Participating in the EAVE programme can be a career-defining experience, according to graduates as well as participants in the workshop in Santiago de Compostela in northwest Spain at the end of October.

“It was like a school for me as it introduced me to the world of international co-production,” recalls German producer Peter Rommel, an EAVE 1994 graduate who later became a group leader for the workshops. “This is where I met producers like Angus Lamont, Pepe Danquart, who had just got his Oscar [for best short film in 1993 for Black Rider] and Ed Guiney, with whom I co-produced [Stephen Bradley’s] Sweety Barrett after EAVE.”

“The idea is to develop personal relationships that could continue for life,” suggests Russian producer Anastasia Lukovnikova of Russian-UK company Victoria Films, who stepped in at short notice for Maxim Dashkin to present the biopic Flight Of The Wasp about the inventor of the Vespa scooter, Corradino D’Ascanio, in Santiago de Compostela.

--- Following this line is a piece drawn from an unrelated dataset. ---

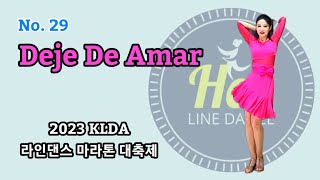 Deje De Amar Line Dance  High Improver  2023 KLDA 라인댄스 마라톤 29번 곡 [upl. by Eetsim988]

“You look for people who have the same interests and the same passion for cinema,” she says of the opportunities to build up a network for the future. Lukovnikova points out that tapping into an international network is all the more important now Russia no longer has production platforms such as Moscow Business Square.

“Working together in small groups is a safe place where you can just let everything out, the opportunities to bounce ideas off one another are so valuable,” adds Swiss producer Ivan Madeo of Contrast Film, who attended this year’s edition of EAVE with Promised Land, a new feature biopic of writer Isabelle Neulinger by Swiss-Canadian director Léa Pool.

Madeo had been selected as one of European Film Promotion’s Producers on the Move for Cannes 2017, and subsequently applied for EAVE. “This was the right way for me first to have a general introduction for that week in Cannes and then come to the EAVE workshop where they really dig deep into what it takes to be a producer and also focus on one project over the course of a year,” he says.

And, as Krausz points out, the interaction between participants does not stop with the last day of the third workshop. Social media has come into its own as an on­going forum for dialogue and exchange of experiences and news, where contacts had once been kept going by telephone, fax and gatherings at the major festivals.

“When graduates from different years come together, they know that they have a common language and experience having attended EAVE workshops,” Krausz says. “The advantage of this network is that if you are looking for a partner in a certain country where you don’t know the industry, there’s a sure chance that you have someone from the EAVE community you can call to ask them who they would recommend.”

EAVE is often held up as the initiative par excellence within the European Union’s Creative Europe MEDIA sub-programme. More than many others, it reflects those ideals of promoting the European idea and a more diverse audiovisual sector in order to meet the challenges of an increasingly globalised market.